_Exercise goal_:
Set down each line of the records once more, precisely, and omit the pictures.
---------------
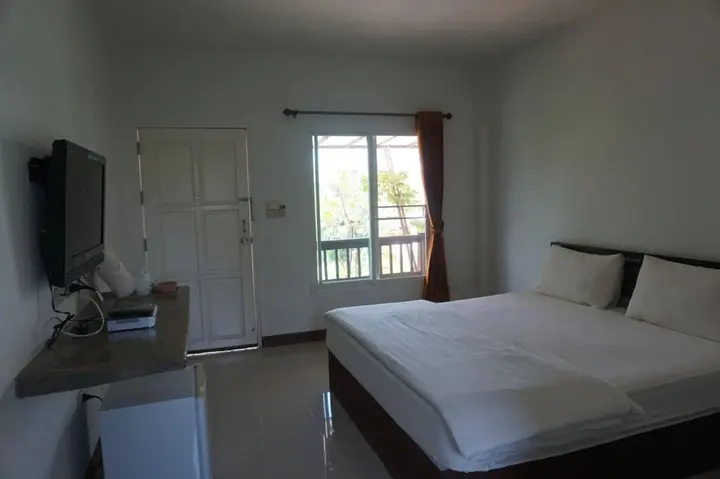Тхат-Пханом: Thatphanom Place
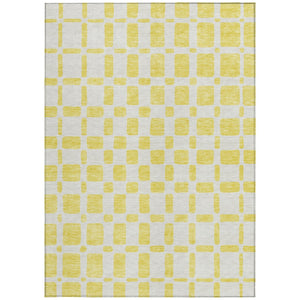 Homeroots 3' Artichoke Green Geometric Indoor Outdoor Area Rug - Stylish, Washable, And Durable For Any Space 8' X 10' Polyester 591168
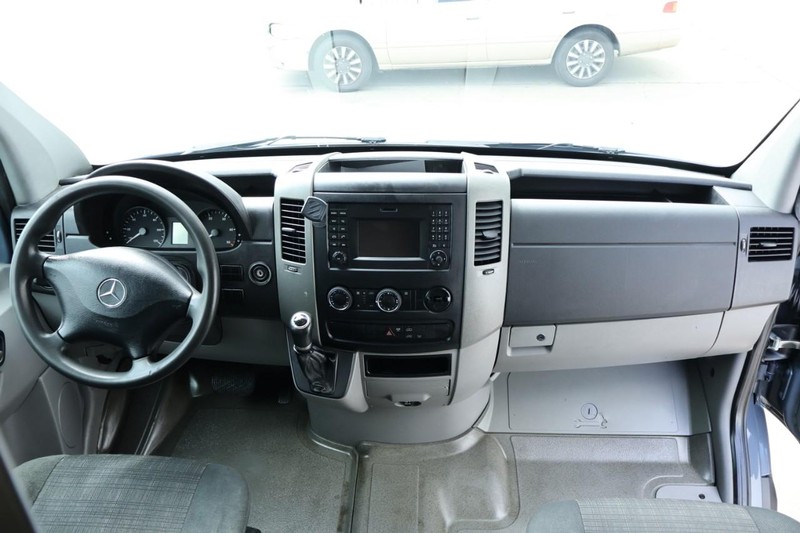 Mercedes-Benz Sprinter Cargo Van Vehicle Full-screen Gallery Image 24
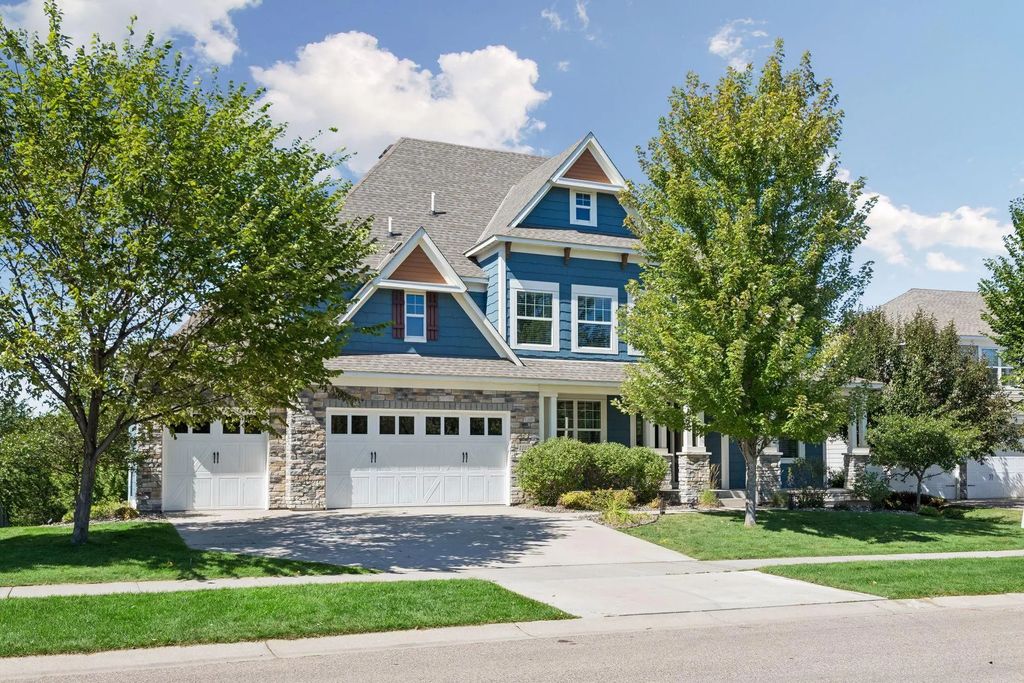 11274 Whitewater Drive, Woodbury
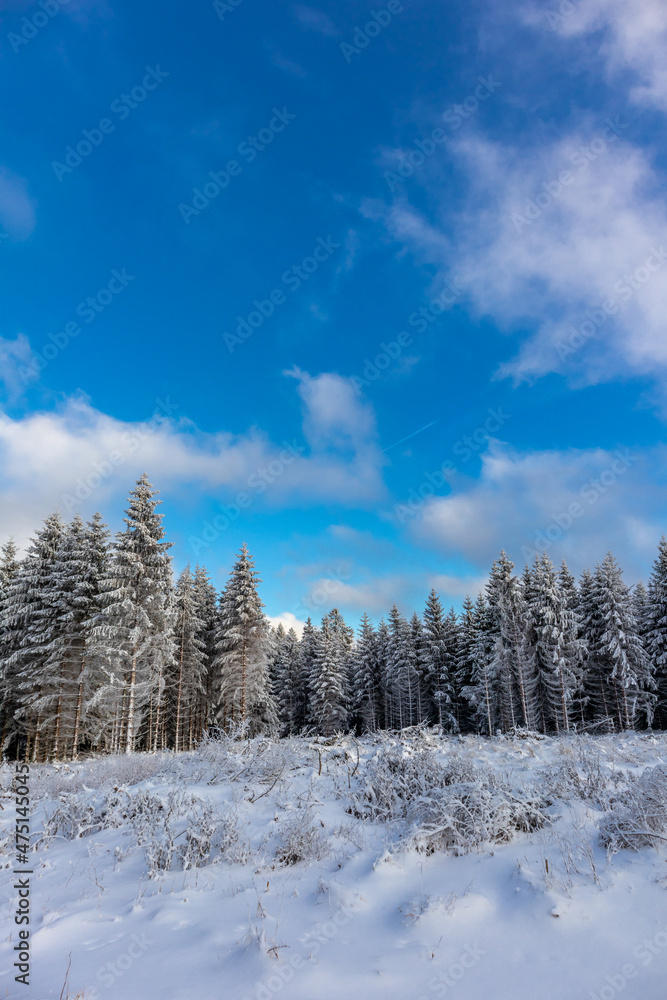 Erste Winterwanderung auf dem Rennsteig bei schönstem Sonnenuntergang - Deutschland Erste Winterwanderung auf dem Rennsteig bei schönstem Sonnenuntergang - Deutschland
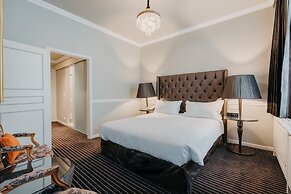 Hotel Manos Premier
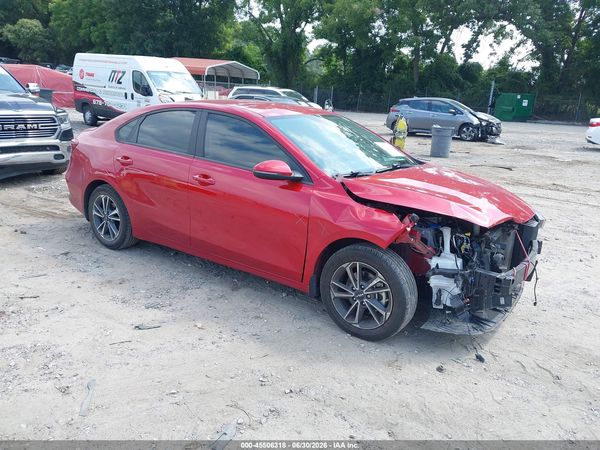 2022 KIA FORTE LXS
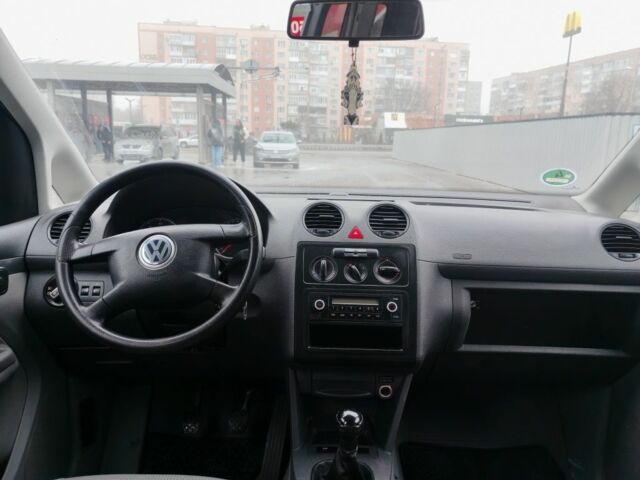 Серый Фольксваген Кадди, объемом двигателя 1.6 л и пробегом 220 тыс. км за 7000 $, фото 16 на Automoto.ua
---------------
_Solution_:
Тхат-Пханом: Thatphanom Place
 Homeroots 3' Artichoke Green Geometric Indoor Outdoor Area Rug - Stylish, Washable, And Durable For Any Space 8' X 10' Polyester 591168
 Mercedes-Benz Sprinter Cargo Van Vehicle Full-screen Gallery Image 24
 11274 Whitewater Drive, Woodbury
 Erste Winterwanderung auf dem Rennsteig bei schönstem Sonnenuntergang - Deutschland Erste Winterwanderung auf dem Rennsteig bei schönstem Sonnenuntergang - Deutschland
 Hotel Manos Premier
 2022 KIA FORTE LXS
 Серый Фольксваген Кадди, объемом двигателя 1.6 л и пробегом 220 тыс. км за 7000 $, фото 16 на Automoto.ua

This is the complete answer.